A psicanalista Regina Navarro descreve a ideologia do amor romântico que rege os relacionamentos no ocidente da seguinte forma: O amor romântico apresenta atitudes e ideais próprios. Contém o conceito de que duas pessoas se transformam numa única, havendo complementação total entre elas, sem nada lhes faltar. E abarca ainda outas expectativas, que na prática não são realistas: a de que quem ama não sente desejo sexual por mais ninguém, de que o amado é a única fonte de interesse do outro e que não é possível amar duas pessoas ao mesmo tempo.


É justamente por isso que a exclusividade sexual é tão importante neste modelo do amor romântico, porque ela confirma que o outro pode satisfazer todas as nossas necessidades, não sendo necessário mais ninguém de fora. E quando alguém demonstra interesse por outro, isso abala os alicerces dessa idealização, pois implica que o parceiro ou a parceira não são tudo na vida um do outro.

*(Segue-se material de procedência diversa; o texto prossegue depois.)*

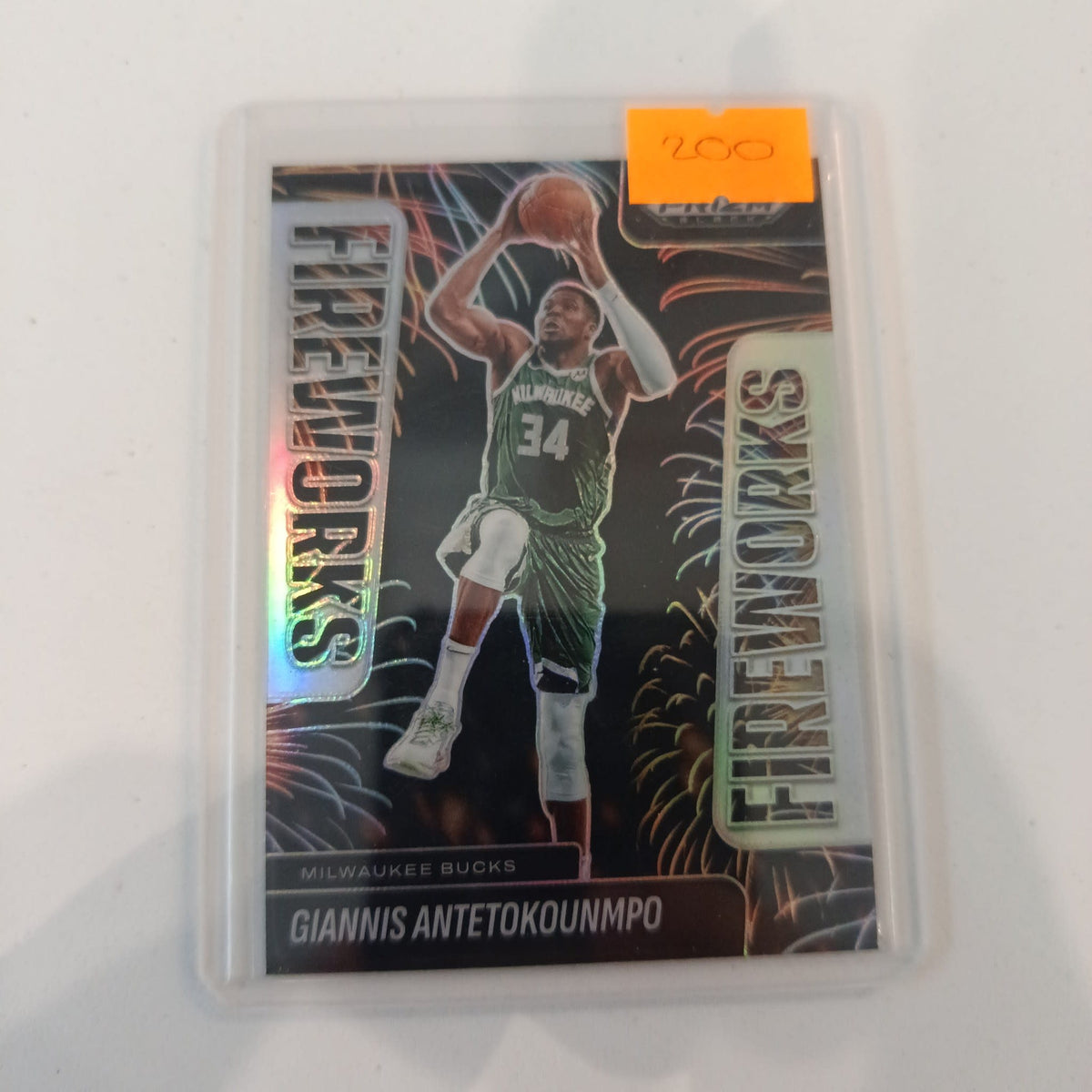 2024-25 Panini Prizm Black Fireworks Giannis Antetokounmpo #9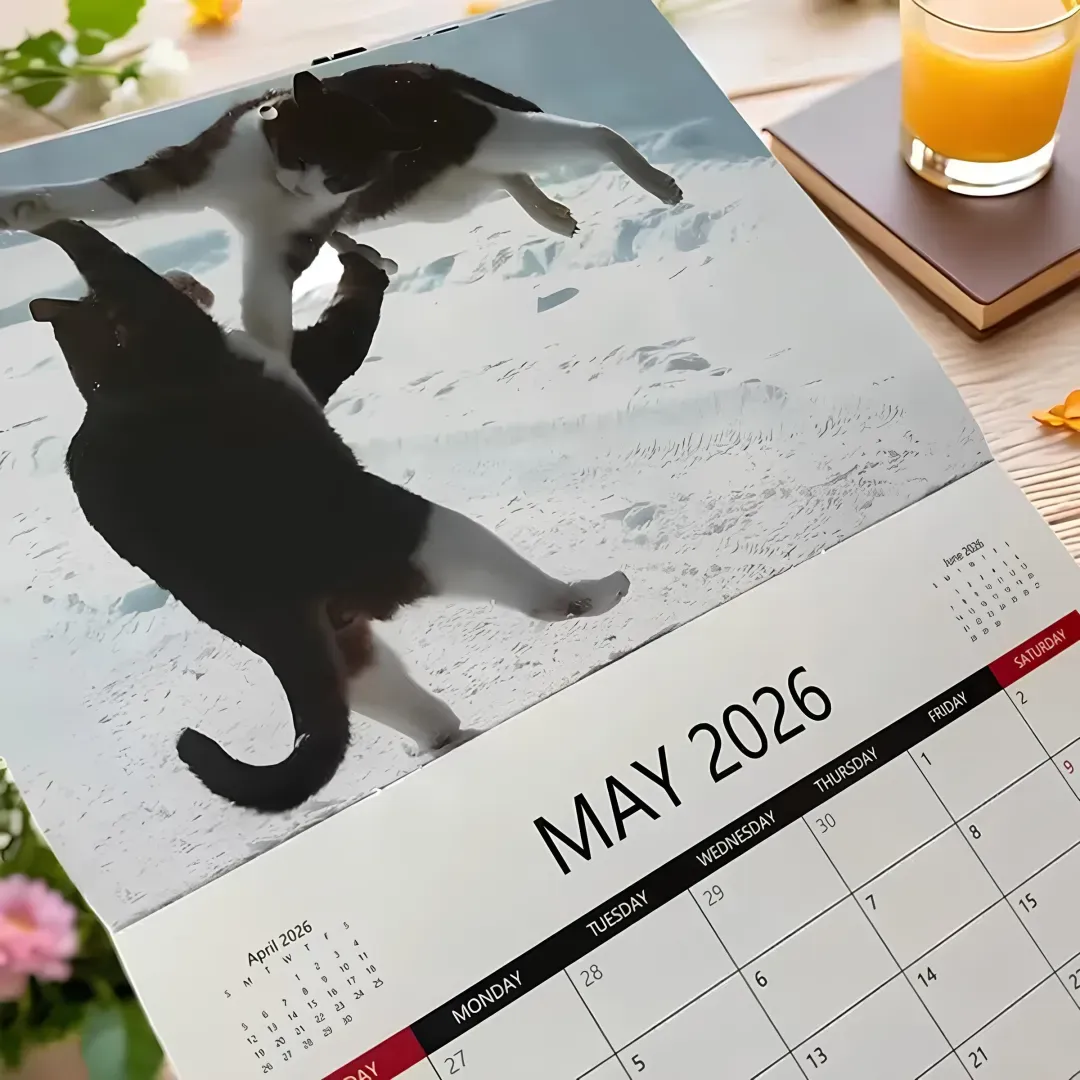 2026 Kung Fu Cat Calendar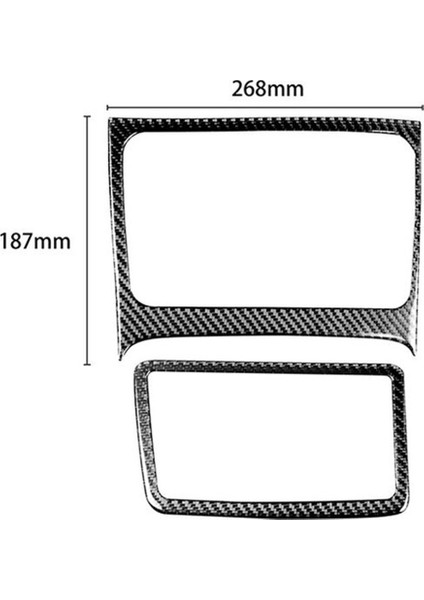 Honda Civic 2006-2011 Için 2 Adet Karbon Fiber Iç Depolama Kutusu Kapağı Döşemesi (Yurt Dışından)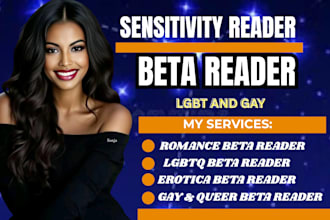 be your gay lgbtq sensitivity beta reader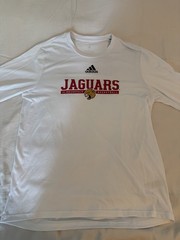 Adidas Jaguars IU Indianapolis Basketball Graphic Tee Men’s L White Long Sleeve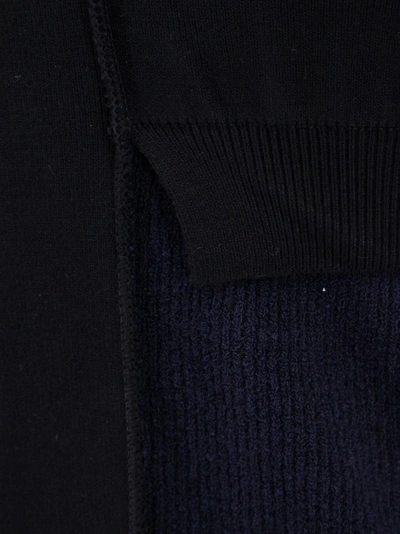 Shop Mm6 Maison Margiela Viscose And Cotton Sweater In Black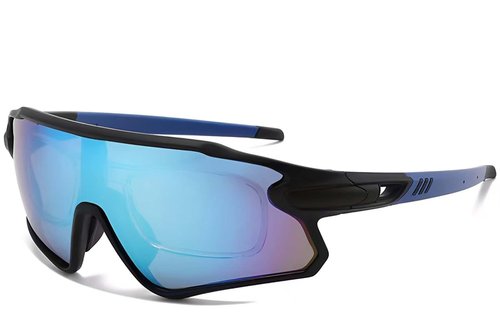 Gafas de sol polarizadas de plástico negro estilo aviador # BS2426-0022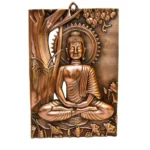 Handcrafted Buddha Wall Art Sculpture – Antique Bronze Finish - G-229-A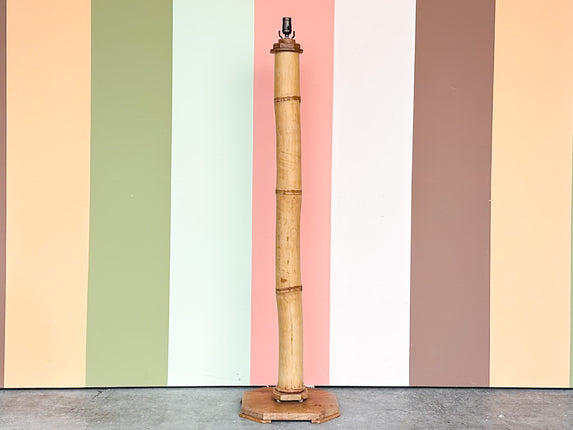 Old Florida Bamboo Floor Lamp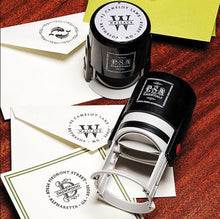 Personalized Rectangle Stamper- Flower Design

Neste contexto, quando nos pegamos atraídos por outras pessoas, sentimo-nos culpados porque entendemos que não deveríamos estar sentindo aquilo. Alguns vão negar o desejo e acabar alimentando um ressentimento por negarem algo que era importante para si. Já outros vão para o lado da indulgência, cedendo ao impulso pela via da traição; enquanto outros vão terminar o relacionamento e iniciar um novo, levando ao que se convencionou chamar de monogamia serial.


Uma estratégia alternativa seria conversar abertamente sobre a questão, enfrentar os medos e o julgamento dos outros e reconhecer que uma só pessoa não é, nem deveria ser capaz de satisfazer todas as nossas necessidades emocionais e sexuais. A partir dessa aceitação pode-se optar, de uma forma ética e responsável, por abrir espaço na relação para buscar a satisfação de algumas necessidades com pessoas de fora, seja individualmente ou em conjunto com o parceiro, levando ao modelo que chamamos de não-monogamia responsável, onde existe abertura consensual na relação para satisfação de algumas necessidades e desejos com outras pessoas que não o parceiro.


Olhando de fora, pode parecer que esses casais estão abrindo mão da segurança da monogamia, mas isso não é necessariamente verdade. Em primeiro lugar porque sabemos que a traição é uma das coisas mais comuns nos relacionamentos ditos monogâmicos. Em segundo lugar porque quando deixamos o outro livre, passamos a entender que ele está com a gente porque está a fim e não porque está sendo obrigado. Afinal de contas, de que adianta a pessoa ficar só comigo apenas porque está proibida de ficar com outras pessoas? Ou como expressou poeticamente Richard Bach: “Se você ama alguém, deixe-o livre. Se ele voltar, é seu. Se não, nunca foi”.


O problema da ideologia do amor romântico é que é um amor idealizado e toda idealização acaba gerando sofrimento em algum momento... Além disso, essa ideologia acaba contribuindo para um enfraquecimento das individualidades na medida em que estimula que um não viva sem o outro, que sejamos apenas metades procurando nossa contrapartida, etc. O que é estimulado nesse modelo de relacionamento é justamente a dependência emocional e não a intimidade saudável. A dependência emocional entre um casal é encarada por todos com naturalidade porque se confunde com amor e é reforçada pelo modelo do amor romântico que pressupõe que um vai satisfazer todas as necessidades do outro. Isso favorece com que reeditemos experiências muito primitivas da infância, quando dependíamos totalmente da mãe para sobrevivermos, como explica a psicanalista Regina Navarro.